What advice do you have for parents to nurture the interest in art of their younger autistic children or teens?
I was once told by a parent, “My son sits in his room all day and draws, and no matter what I do, I can’t make him socialise.” I replied, “Why make him fit your world? Encourage his creativity as a good thing, and one day he will open his world to you.” For me, mental health is the greatest barrier to being creative, so the biggest gift for me would have been the safe environments and understanding in the arts I never had.
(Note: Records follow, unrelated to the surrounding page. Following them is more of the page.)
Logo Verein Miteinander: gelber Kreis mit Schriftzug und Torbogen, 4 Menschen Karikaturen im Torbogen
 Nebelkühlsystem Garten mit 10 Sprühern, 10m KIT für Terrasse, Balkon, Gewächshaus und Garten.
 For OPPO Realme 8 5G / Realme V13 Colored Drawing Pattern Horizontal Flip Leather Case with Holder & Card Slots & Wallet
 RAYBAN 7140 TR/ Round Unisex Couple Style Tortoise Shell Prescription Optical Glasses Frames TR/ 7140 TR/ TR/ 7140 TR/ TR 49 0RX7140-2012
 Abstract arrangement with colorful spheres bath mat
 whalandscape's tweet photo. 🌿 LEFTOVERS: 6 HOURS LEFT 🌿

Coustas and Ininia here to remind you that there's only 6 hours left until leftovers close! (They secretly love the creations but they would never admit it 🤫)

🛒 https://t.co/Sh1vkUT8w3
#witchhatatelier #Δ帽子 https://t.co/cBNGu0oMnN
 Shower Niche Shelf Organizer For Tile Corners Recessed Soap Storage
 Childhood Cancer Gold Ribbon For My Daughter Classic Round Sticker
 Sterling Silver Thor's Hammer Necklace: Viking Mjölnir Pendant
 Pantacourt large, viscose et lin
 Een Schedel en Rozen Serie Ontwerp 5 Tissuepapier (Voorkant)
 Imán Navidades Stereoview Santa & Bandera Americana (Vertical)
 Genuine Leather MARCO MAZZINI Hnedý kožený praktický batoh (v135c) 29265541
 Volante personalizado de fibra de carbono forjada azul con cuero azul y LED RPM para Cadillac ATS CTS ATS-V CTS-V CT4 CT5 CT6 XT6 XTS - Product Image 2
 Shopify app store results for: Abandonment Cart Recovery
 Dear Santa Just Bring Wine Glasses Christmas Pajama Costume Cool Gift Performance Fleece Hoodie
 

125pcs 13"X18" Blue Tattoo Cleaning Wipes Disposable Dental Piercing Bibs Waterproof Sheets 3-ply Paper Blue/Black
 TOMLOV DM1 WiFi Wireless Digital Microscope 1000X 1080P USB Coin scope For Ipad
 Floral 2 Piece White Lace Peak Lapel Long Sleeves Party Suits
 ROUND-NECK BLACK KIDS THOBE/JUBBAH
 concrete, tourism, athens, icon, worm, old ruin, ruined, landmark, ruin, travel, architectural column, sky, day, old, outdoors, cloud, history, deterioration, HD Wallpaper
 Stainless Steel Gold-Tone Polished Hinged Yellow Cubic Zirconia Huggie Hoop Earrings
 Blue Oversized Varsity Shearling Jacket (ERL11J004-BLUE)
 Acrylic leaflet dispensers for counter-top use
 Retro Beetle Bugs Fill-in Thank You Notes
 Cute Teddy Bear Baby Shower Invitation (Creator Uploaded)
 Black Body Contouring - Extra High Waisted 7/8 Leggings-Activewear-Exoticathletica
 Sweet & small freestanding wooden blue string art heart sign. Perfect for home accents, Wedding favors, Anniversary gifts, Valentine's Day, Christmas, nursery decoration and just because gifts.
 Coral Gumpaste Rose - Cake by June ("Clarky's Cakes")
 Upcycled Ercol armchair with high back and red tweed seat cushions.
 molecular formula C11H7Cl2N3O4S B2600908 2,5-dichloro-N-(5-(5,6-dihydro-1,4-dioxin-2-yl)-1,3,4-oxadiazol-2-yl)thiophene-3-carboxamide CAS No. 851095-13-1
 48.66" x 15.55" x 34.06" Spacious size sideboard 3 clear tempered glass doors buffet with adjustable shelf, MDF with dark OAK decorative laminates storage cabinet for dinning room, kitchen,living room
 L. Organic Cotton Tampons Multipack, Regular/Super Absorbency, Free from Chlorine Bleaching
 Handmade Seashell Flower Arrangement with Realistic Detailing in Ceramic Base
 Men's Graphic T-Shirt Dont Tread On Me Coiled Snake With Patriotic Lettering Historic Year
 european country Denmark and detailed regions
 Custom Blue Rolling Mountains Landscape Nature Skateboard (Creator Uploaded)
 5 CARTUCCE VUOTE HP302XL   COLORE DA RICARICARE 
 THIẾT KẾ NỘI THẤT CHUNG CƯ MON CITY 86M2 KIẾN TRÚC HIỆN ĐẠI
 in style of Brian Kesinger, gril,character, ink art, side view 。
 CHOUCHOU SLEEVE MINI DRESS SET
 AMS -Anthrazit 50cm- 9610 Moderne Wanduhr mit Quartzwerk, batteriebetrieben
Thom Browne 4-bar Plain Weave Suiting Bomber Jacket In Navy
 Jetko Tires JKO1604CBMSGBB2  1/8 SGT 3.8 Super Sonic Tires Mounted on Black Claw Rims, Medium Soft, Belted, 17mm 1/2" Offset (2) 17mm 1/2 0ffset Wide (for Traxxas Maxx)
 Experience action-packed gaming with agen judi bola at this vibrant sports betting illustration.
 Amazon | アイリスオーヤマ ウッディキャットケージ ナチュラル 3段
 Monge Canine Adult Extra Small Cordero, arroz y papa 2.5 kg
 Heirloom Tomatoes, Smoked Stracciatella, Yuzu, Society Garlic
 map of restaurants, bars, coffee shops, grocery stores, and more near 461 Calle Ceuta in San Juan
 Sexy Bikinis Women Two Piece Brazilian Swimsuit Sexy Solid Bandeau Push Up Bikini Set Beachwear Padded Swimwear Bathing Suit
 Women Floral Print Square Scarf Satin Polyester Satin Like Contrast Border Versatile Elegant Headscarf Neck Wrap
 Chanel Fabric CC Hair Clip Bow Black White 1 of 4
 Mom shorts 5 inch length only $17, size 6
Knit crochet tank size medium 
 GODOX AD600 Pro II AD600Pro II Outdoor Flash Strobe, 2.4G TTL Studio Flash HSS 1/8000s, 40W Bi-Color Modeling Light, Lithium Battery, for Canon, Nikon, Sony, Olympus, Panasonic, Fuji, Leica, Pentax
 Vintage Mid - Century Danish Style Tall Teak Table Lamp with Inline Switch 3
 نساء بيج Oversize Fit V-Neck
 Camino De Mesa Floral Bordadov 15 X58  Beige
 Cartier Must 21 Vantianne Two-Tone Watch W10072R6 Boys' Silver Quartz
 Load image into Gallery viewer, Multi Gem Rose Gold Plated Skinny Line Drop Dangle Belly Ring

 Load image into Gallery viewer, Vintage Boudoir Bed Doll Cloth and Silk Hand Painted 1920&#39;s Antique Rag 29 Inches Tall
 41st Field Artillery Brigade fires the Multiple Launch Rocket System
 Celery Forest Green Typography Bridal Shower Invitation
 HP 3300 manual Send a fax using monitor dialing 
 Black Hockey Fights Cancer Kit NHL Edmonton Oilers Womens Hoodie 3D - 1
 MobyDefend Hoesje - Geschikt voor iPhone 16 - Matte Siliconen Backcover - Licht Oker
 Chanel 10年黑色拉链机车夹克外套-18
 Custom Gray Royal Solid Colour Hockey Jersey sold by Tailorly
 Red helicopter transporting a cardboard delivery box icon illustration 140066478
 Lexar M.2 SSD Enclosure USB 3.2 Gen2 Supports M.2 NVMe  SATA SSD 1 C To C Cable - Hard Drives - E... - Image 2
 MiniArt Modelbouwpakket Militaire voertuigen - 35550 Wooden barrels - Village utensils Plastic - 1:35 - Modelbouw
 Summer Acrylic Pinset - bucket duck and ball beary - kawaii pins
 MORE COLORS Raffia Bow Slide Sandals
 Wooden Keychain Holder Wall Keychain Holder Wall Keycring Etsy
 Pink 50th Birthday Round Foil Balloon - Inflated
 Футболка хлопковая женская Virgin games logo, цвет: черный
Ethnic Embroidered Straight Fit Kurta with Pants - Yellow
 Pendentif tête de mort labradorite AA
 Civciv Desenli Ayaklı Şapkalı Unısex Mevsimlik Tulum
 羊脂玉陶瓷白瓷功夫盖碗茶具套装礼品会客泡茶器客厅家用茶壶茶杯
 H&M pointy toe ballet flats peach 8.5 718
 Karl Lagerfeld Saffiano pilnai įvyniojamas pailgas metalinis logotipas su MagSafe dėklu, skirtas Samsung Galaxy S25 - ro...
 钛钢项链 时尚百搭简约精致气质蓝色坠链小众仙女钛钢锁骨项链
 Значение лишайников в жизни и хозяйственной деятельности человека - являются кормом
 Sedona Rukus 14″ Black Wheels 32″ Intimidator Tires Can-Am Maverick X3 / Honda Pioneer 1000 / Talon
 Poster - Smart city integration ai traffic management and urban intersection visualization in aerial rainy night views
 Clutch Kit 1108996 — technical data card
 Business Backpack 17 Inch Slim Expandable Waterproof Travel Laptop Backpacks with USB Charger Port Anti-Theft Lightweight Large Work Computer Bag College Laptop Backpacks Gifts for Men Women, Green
I’d say encourage self confidence, encourage them as holistic people. Let them make, draw, and create whatever they want to make. Yes, sometimes we need to be challenged, but don’t ever make them feel their art is the problem. Encourage their interests too, but parents also need to support us to lobby for greater understanding of autistic people in society as awareness is not enough.
Don’t fight autism, fight for better understanding and enabled opportunity for your child to find what they need. Us autistic adults do understand as we were children once, and as advocates many of us would fight for any autistic child to live a fulfilled life.